> Requirement
Only the lines of the data below from the one with "2023 Ford Explorer ST - Photo 6" through the one with "IM Motors L6 — Фото автомобиля 23" are wanted. Repeat them exactly.

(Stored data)

Segment Open

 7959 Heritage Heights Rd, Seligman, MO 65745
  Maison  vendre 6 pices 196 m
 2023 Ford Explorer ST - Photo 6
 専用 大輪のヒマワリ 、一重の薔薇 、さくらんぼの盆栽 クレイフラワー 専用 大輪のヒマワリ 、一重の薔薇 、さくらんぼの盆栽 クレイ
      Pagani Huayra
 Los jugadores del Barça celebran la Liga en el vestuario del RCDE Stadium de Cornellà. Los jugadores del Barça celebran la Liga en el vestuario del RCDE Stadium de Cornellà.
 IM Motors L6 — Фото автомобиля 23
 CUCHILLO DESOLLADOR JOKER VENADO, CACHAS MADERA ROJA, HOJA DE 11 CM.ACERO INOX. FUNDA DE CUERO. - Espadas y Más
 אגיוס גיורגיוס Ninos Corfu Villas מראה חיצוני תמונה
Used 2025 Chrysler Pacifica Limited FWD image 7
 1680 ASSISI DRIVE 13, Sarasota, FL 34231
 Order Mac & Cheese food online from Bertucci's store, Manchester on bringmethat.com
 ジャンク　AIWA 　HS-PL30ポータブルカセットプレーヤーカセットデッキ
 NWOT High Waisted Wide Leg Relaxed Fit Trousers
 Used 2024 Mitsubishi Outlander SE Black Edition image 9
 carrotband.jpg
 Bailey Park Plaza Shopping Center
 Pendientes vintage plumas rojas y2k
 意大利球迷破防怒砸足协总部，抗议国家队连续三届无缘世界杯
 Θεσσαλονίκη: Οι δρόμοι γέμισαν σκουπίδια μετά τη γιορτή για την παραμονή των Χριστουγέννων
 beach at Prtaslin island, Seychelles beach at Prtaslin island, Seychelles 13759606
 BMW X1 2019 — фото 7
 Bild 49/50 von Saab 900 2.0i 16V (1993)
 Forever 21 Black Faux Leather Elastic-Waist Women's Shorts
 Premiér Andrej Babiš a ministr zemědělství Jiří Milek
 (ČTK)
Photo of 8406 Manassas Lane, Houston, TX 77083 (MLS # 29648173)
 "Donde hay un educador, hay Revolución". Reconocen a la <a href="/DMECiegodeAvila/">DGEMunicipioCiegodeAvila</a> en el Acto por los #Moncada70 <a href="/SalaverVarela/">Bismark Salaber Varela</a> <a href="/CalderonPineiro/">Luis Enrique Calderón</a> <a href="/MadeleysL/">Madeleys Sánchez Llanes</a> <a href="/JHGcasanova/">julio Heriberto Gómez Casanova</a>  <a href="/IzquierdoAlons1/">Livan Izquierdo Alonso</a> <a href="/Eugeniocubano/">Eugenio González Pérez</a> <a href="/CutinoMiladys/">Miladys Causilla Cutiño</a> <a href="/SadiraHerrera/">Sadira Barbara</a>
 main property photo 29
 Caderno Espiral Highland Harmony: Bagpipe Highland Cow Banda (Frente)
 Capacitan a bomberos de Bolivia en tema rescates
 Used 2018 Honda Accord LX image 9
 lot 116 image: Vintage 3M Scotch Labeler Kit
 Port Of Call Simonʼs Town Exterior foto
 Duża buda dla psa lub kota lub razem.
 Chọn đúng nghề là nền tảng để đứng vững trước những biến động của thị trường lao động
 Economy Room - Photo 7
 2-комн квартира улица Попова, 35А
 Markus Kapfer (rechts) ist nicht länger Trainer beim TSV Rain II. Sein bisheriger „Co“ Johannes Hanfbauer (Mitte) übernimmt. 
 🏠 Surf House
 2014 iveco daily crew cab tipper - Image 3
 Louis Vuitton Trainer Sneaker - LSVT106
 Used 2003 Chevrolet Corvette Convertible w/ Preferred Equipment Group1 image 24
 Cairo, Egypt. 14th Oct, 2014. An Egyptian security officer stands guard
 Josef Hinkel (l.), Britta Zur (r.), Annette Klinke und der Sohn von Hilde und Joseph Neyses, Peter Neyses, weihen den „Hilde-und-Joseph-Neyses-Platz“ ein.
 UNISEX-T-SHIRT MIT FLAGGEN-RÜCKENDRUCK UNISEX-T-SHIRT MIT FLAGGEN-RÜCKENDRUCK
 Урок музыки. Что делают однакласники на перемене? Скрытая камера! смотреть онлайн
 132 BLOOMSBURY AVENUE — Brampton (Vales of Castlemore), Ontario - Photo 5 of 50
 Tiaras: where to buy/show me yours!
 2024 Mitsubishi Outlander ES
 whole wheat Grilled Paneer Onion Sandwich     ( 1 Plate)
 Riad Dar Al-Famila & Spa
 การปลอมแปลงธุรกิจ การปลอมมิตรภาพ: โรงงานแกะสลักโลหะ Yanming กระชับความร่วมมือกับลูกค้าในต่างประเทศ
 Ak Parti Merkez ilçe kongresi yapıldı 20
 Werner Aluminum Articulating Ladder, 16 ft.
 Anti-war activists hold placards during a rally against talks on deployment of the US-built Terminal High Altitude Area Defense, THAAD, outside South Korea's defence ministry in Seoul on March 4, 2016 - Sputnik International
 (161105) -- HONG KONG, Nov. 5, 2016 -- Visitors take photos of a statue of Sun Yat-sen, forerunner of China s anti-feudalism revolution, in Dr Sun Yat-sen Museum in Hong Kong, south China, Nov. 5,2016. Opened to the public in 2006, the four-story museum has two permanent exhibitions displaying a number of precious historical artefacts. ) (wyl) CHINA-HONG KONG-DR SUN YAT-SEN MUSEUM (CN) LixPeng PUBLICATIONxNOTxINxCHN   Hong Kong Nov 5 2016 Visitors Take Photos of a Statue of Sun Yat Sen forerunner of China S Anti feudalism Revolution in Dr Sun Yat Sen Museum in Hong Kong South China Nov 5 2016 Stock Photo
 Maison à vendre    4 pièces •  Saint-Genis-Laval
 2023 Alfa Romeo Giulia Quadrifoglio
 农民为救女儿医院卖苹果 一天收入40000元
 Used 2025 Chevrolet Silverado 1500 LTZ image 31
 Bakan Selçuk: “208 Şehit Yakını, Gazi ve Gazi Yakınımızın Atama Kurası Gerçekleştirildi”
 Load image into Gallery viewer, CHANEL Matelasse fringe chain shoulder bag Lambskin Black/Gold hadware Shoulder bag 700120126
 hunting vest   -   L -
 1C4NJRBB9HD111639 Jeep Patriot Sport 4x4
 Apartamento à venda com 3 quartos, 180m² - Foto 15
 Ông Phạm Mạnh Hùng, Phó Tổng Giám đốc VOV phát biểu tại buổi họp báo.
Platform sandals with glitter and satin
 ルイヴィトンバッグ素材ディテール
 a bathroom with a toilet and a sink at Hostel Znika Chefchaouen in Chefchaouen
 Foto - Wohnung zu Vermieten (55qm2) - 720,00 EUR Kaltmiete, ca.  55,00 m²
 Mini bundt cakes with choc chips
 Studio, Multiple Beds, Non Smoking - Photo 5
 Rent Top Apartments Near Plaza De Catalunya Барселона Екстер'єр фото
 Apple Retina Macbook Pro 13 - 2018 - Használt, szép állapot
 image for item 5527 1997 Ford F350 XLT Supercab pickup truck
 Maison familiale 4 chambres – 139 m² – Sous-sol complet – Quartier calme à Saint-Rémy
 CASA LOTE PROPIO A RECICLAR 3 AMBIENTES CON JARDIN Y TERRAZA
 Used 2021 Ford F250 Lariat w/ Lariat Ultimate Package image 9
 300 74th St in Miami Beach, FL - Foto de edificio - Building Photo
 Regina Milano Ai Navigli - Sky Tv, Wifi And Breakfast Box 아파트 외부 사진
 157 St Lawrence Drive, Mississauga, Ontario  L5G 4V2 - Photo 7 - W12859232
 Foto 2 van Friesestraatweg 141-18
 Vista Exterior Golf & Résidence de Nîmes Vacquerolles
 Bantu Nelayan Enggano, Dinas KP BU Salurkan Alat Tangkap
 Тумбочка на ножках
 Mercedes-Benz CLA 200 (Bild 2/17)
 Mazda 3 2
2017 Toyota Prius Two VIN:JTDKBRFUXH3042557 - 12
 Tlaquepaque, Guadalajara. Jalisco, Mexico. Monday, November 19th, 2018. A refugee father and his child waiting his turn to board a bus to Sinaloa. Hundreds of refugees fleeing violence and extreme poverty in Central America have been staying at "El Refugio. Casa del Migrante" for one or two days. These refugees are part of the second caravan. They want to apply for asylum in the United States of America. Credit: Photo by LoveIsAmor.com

Segment Closed

> Response area
 2023 Ford Explorer ST - Photo 6
 専用 大輪のヒマワリ 、一重の薔薇 、さくらんぼの盆栽 クレイフラワー 専用 大輪のヒマワリ 、一重の薔薇 、さくらんぼの盆栽 クレイ
      Pagani Huayra
 Los jugadores del Barça celebran la Liga en el vestuario del RCDE Stadium de Cornellà. Los jugadores del Barça celebran la Liga en el vestuario del RCDE Stadium de Cornellà.
 IM Motors L6 — Фото автомобиля 23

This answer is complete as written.